■ What is required
Only the lines below from the one containing "[23/05/2017] Nvidia Titan" through the last line should be set down, exactly as written and with no pictures.

■ Source material
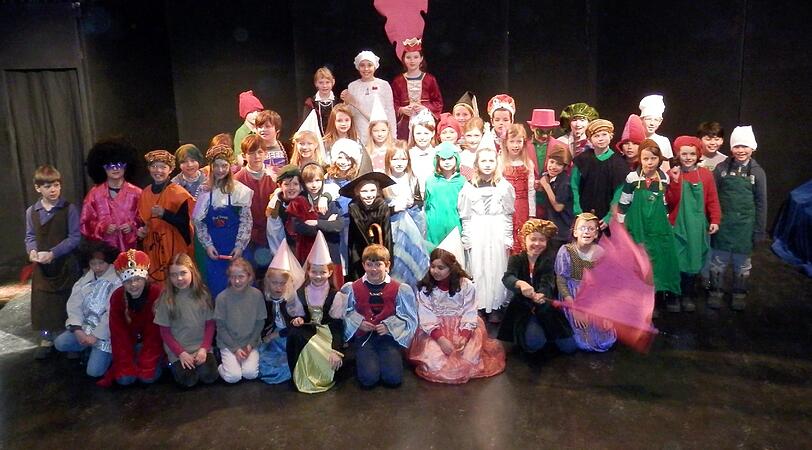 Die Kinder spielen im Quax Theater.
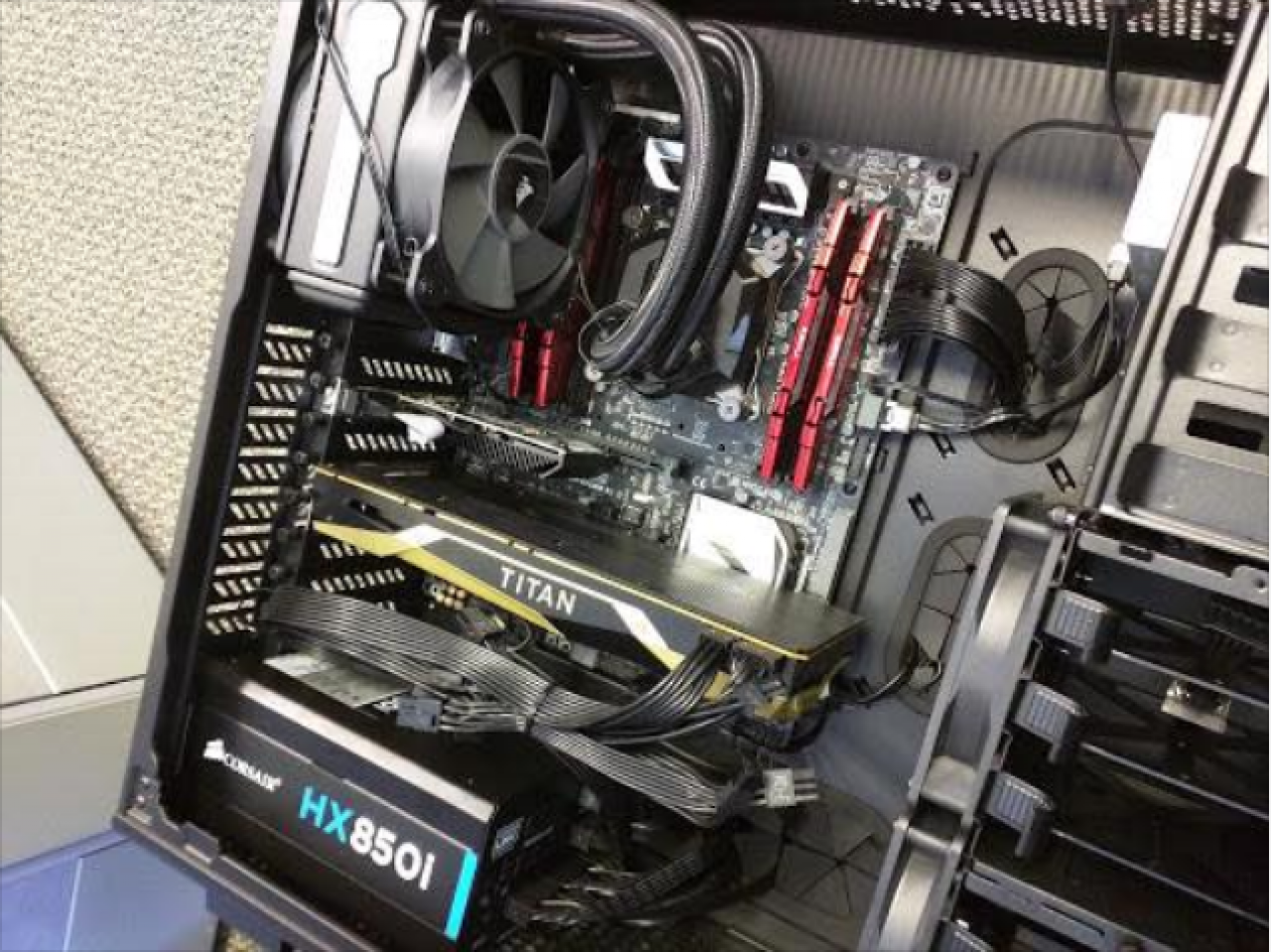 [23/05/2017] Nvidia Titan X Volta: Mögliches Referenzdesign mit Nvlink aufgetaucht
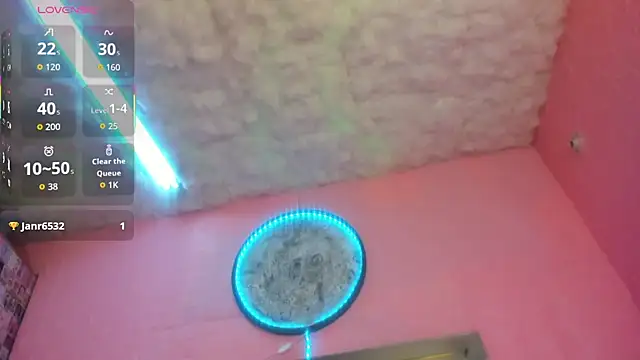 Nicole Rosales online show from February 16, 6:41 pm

■ Task answer
 [23/05/2017] Nvidia Titan X Volta: Mögliches Referenzdesign mit Nvlink aufgetaucht
 Nicole Rosales online show from February 16, 6:41 pm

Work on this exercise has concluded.